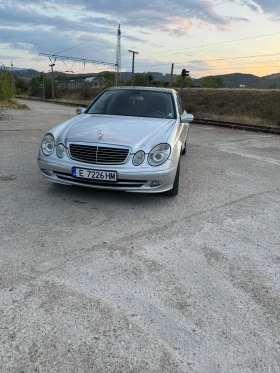 Mercedes-Benz E 320, снимка 2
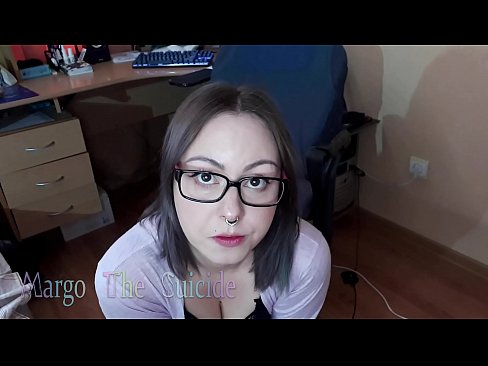 ❤️ Kynþokkafull stelpa með gleraugu sýgur dildó djúpt á myndavélinni Klám hjá okkur is.hentaiteca.ru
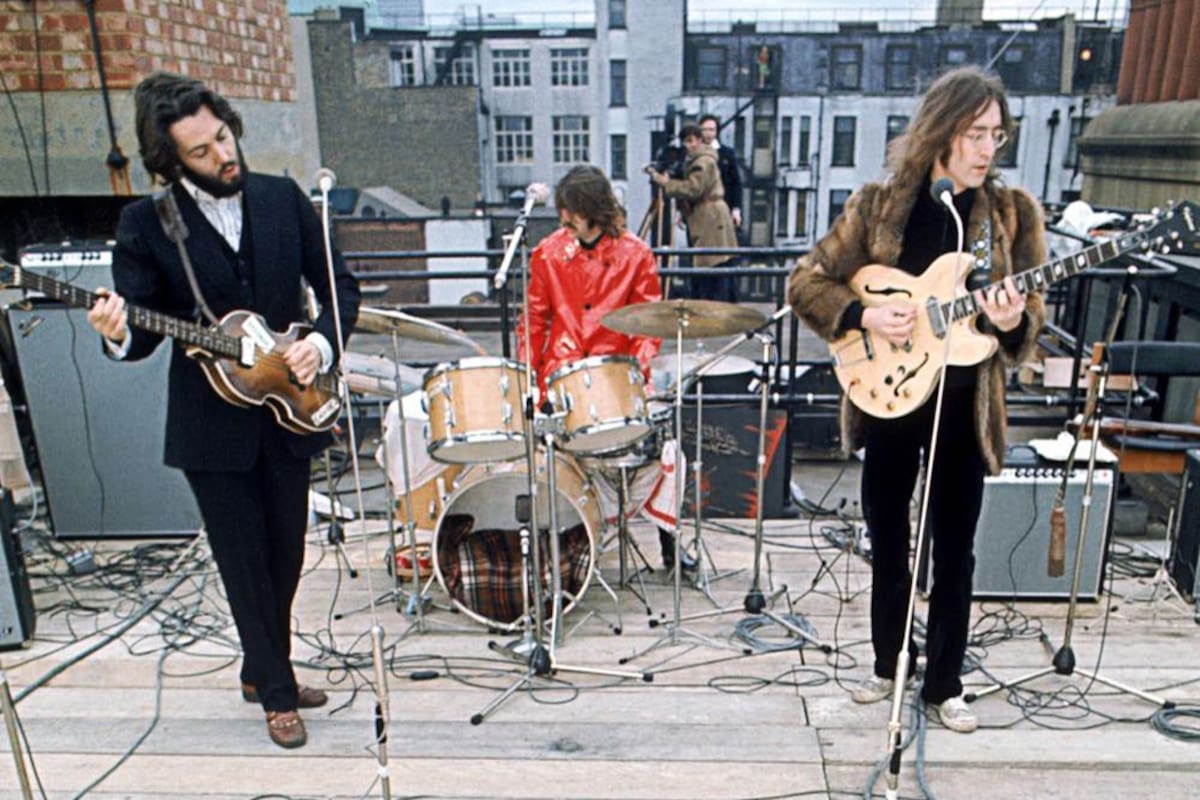 La guitarra de madera de George, micrófonos envueltos en ropa interior femenina, y el supuesto hijo de Orson Welles; las verdades salvajes acerca del último show de los Fab Four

### What to do
All that's required is the material above repeated exactly, minus any picture.

### Exercise answer
 Mercedes-Benz E 320, снимка 2
 ❤️ Kynþokkafull stelpa með gleraugu sýgur dildó djúpt á myndavélinni Klám hjá okkur is.hentaiteca.ru
 La guitarra de madera de George, micrófonos envueltos en ropa interior femenina, y el supuesto hijo de Orson Welles; las verdades salvajes acerca del último show de los Fab Four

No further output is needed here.